Six replicates (approximately 100 mg) each of corn, soybean meal, or the negative control diet were weighed into incubation tubes. Buffers with pH 1.5 to 7 were brought up to temperature by placing in a 40°C water bath, added to samples in the incubation tubes, and vortexed. Phytase solution was added to give 500 FTU/kg of sample and incubated in a shaking water bath maintained at 40°C for 1 h. The reaction was stopped and samples were processed as described above.

Phytase Activity Study.
Six replicates (approximately 100 mg) each of corn, soybean meal, the negative control diet and the positive diet were weighed into incubation tubes. Buffer (pH 4.5 or 5.5) was brought up to temperature by placing in a water bath at 40°C, added to samples in the incubation tubes, and vortexed. Phytase solution was added to give 0, 125, 250, 500, 750, 1,000, 2,000, or 4,000 FTU/kg of sample. Sample incubation and processing were conducted as described above.

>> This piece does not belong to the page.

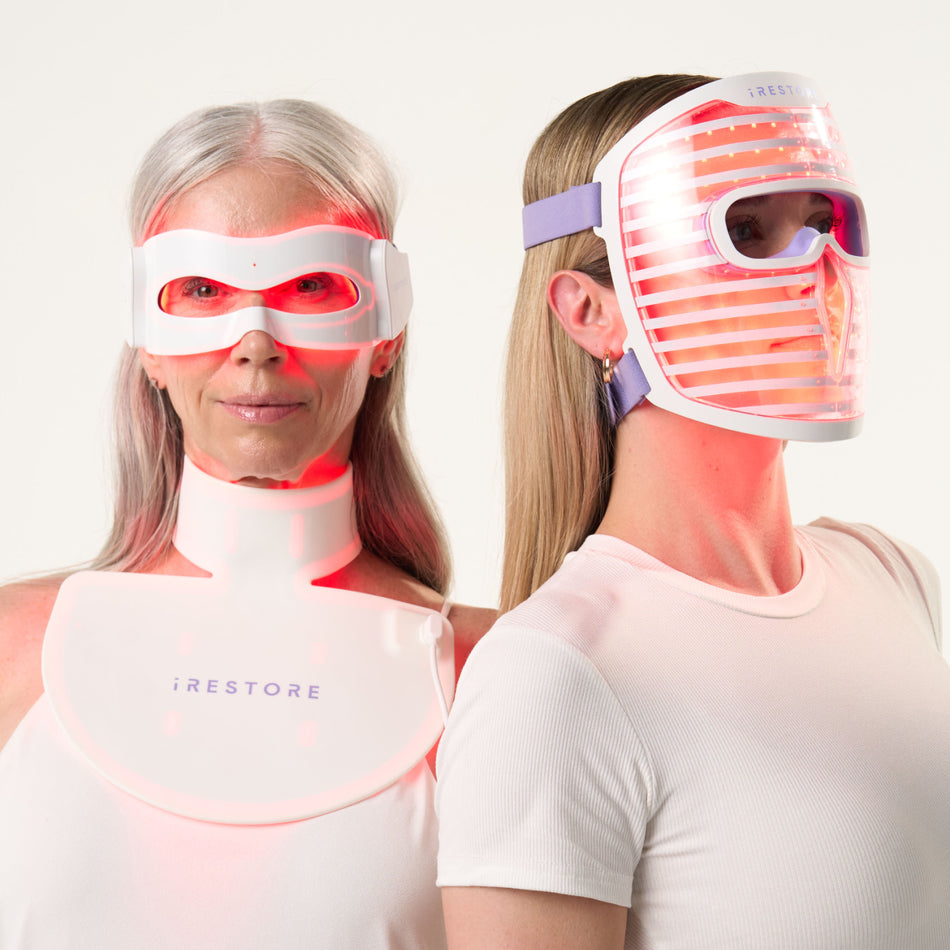 Woman wearing illumina eye mask and neck & chest mask next to woman wearing illumina face mask.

Growth Performance of 10-kg Pigs (Exp. 2)
The experiment was conducted to determine the effect of EP in diets with no added iP when fed to 10-kg pigs for 28 d. A fungal phytase (FP) was included for comparison. Twelve diets including a positive control with no added phytase but adequate in Ca and P levels (Table 1); a negative control with no added iP (NC); NC plus (as-fed basis) 250, 500, 750, 1,000, or 1,250 FTU of EP/kg; and NC plus 250, 500, 750, 1,000, or 1,250 FTU of FP/kg were used. All diets were corn-soybean meal-based and formulated to meet or exceed recommendations for the 10-kg pig (NRC, 1998), with the exception of dietary P in the negative control diet. There were 96 individually penned pigs (48 barrows and 48 gilts) with an average initial weight of 10 kg in eight blocks (initial weight was used as the basis for blocking) in a randomized complete block design.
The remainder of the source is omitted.